Build worlds · Chapter 8 of 12 · Path home

Here is where worlds get genuinely new. A teaching world is one where an agent learns over time from another, and the world measures whether it did. This is not something a workflow tool can express; it is the Collectionless AI idea made concrete. We build it from two roles, teacher and student, and a loop you will recognize forever after: teach, exam, grade.

The cast

  • The teacher has no model (proc=None). It leads: it streams lessons, sets the exam, and grades. All of its work is built-in actions.
  • The student owns the model. It just learns what it is taught and answers the exam. Its behavior is a short "listen to the teacher" loop.

Read those two roles together and the whole chapter falls out: the teacher is a game master that runs a session, the student is a peer that does the work, and the rest is plumbing. Nobody is "calling functions" on anybody; the teacher sends requests and the student reacts to them, exactly the way two peers talk in Chapter 6. The novelty is only what they exchange: lessons and a graded exam, instead of a single answer.

The smallest one: cat_library

cat_library is the minimal teaching world: a teacher recites a fixed token sequence (a "poem"), a tiny RNN student learns to predict it, then sits an exam where it must reproduce it. Everything bigger is this skeleton with more in it.

The student is the model

The student role is an empty Agent subclass (class WAgent(Agent): pass): it adds no custom actions, because it does not need any. Everything a student does, learn and answer, is already a built-in. The actual network is supplied when the node joins, with an optimizer and a loss so it can learn online, sample by sample:

New to proc_inputs / proc_outputs?

These are an agent's fixed input/output slots. If the names are unfamiliar, read An agent's own streams first, it explains the whole convention in one place.

cat_library/run_2.py (trimmed)
net = RNNTokenLM(num_emb=voc_size, emb_dim=16, y_dim=voc_size, h_dim=100, seed=42)
agent = Agent(
    proc=net,
    proc_inputs=[StreamType(data_type="text", ...vocab...)],
    proc_outputs=[StreamType(data_type="text", ...vocab...)],
    proc_opts={"optimizer": torch.optim.SGD(net.parameters(), lr=0.01),
               "losses": [torch.nn.functional.cross_entropy]},
    buffer_generated_by_others="all",
)

Read it line by line:

  1. proc=net is the student's brain: an RNN language model over the poem's vocabulary. This is the one piece the student owns, the teacher has none.
  2. proc_inputs / proc_outputs declare the two ends of that brain as streams. Both are text over the same vocabulary, because the task is next-token prediction: feed a token, predict the next. The StreamType also carries the token↔index maps, so a word arriving on the wire becomes an integer the network can read, and back again on the way out. Declaring proc_inputs is not optional here: the framework wires stdin by walking proc_inputs, so an empty list would leave the model with no input and learn / process would silently do nothing.
  3. proc_opts is what turns a network into a student: an optimizer (SGD) and a loss (cross_entropy). The built-in learn action needs exactly these to run a backward pass; without them, learn would have nothing to update.
  4. buffer_generated_by_others="all" tells the agent to keep the outputs it produces while answering, so that after the exam the teacher can fetch them and grade them. Grading reads buffered output; this is the switch that makes it available.
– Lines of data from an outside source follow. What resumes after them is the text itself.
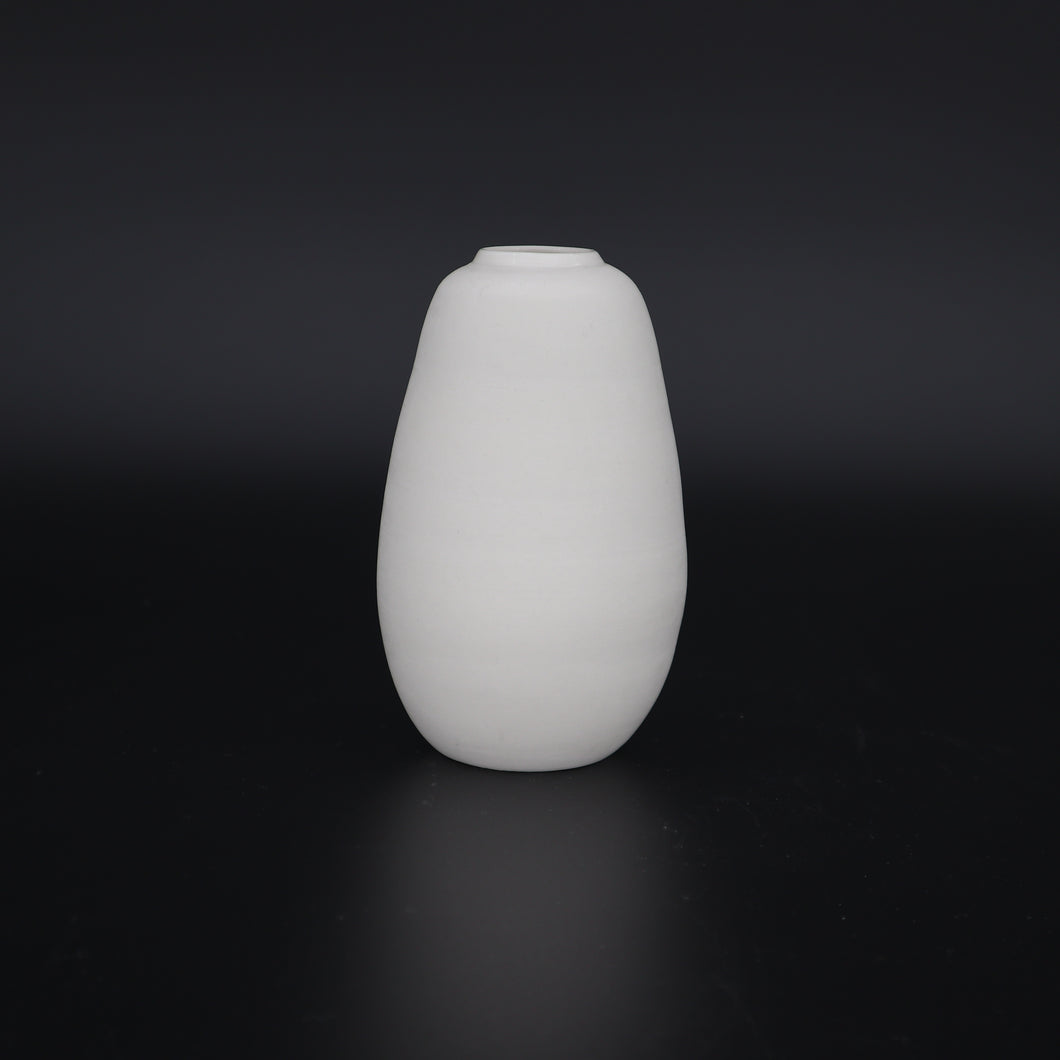 White vase
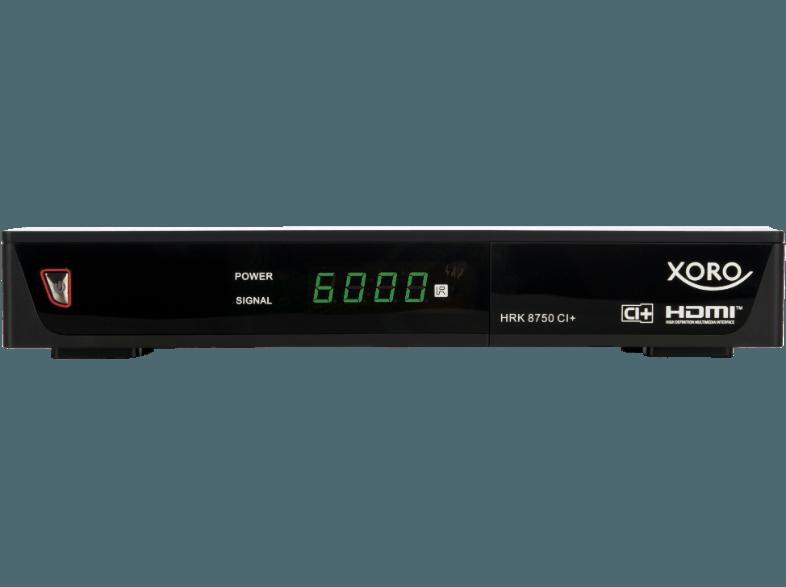 XORO HRK 8750 CI  Kabel-Receiver (HDTV, PVR-Funktion, DVB-C, Schwarz), XORO, HRK, 8750, CI, Kabel-Receiver, HDTV, PVR-Funktion, DVB-C, Schwarz,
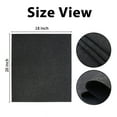 thumbnail image 5 of Disposable Floor Mats for Car, 30 Pack Disposable Car Floor Mat, Protective Auto Floor Mats, Vehicle Floor Carpet Protector Floormat Covers, Helps with The Cleanliness of The car, Light Grey, 5 of 6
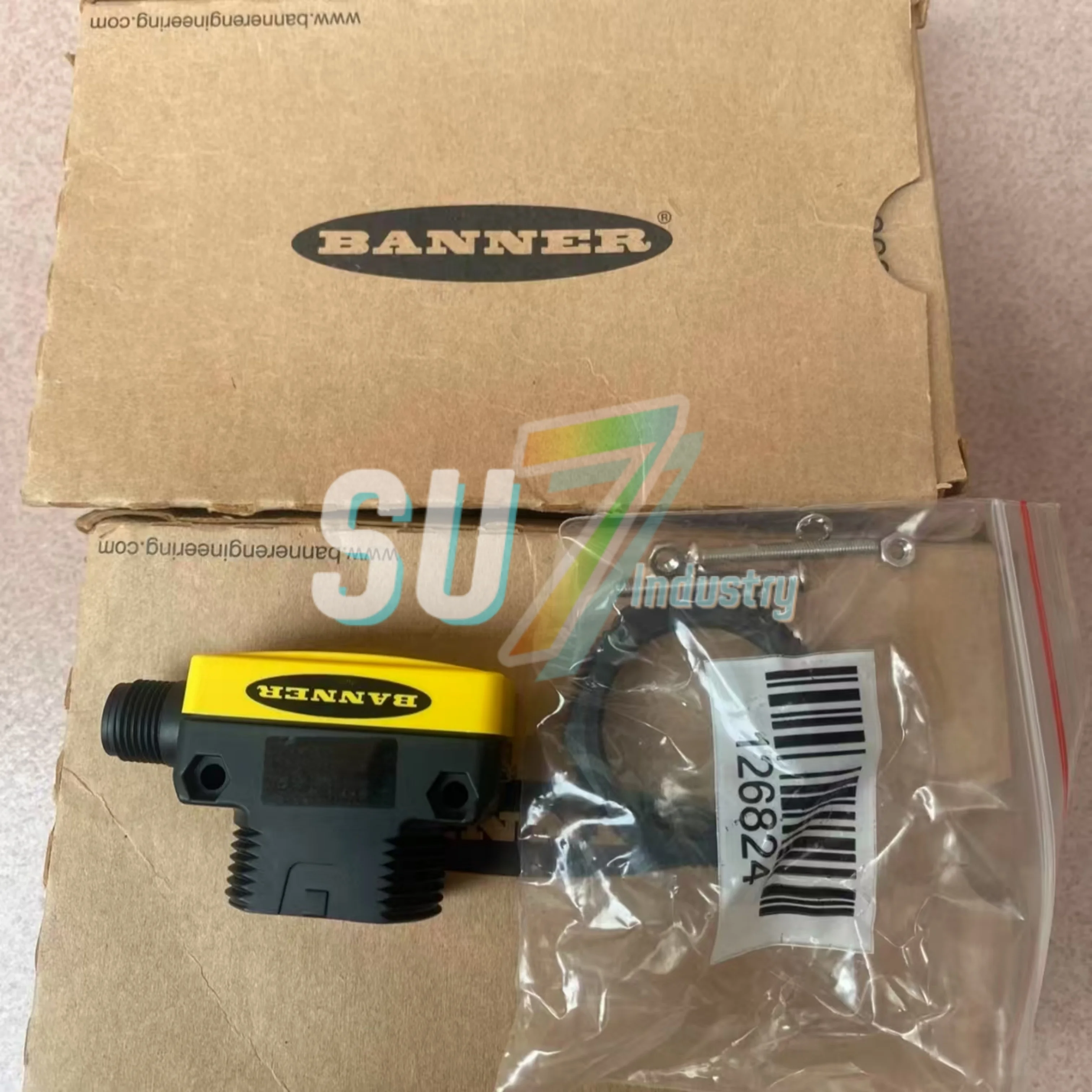 新しいオリジナル QS30FF400Q QS30FF600Q 光電センサー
The student's behavior is a tiny reactive loop, built in the world's create_behav_files. It plugs in one shipped template, listening_to_teacher, wrapped by two transits:

cat_library/src/world.py (trimmed)
behav.add_transit("init", listening_json, action="engage",
                  args={"acceptable_role": "teacher"})
behav.add_transit("teacher_engaged", "init", action="disengage")

What the student does, in order:

  1. engage with acceptable_role="teacher". The student sits idle until a teacher offers to pair with it, and accepts only a teacher, it refuses to be driven by the wrong kind of peer. This is the worker side of the engagement handshake from Chapter 7.
  2. React to whatever the teacher sends. Inside the template (next section) the student waits in a blocking state and reacts to incoming requests: a learn request trains it, a process request tests it. The student never decides when to learn or be examined; the teacher does, by sending.
  3. disengage back to init. When the teacher releases it, the student loops home and is ready for the next teacher.

That is the entire student: pair with a teacher, do as told, go home. All the intelligence about what to teach lives in the teacher.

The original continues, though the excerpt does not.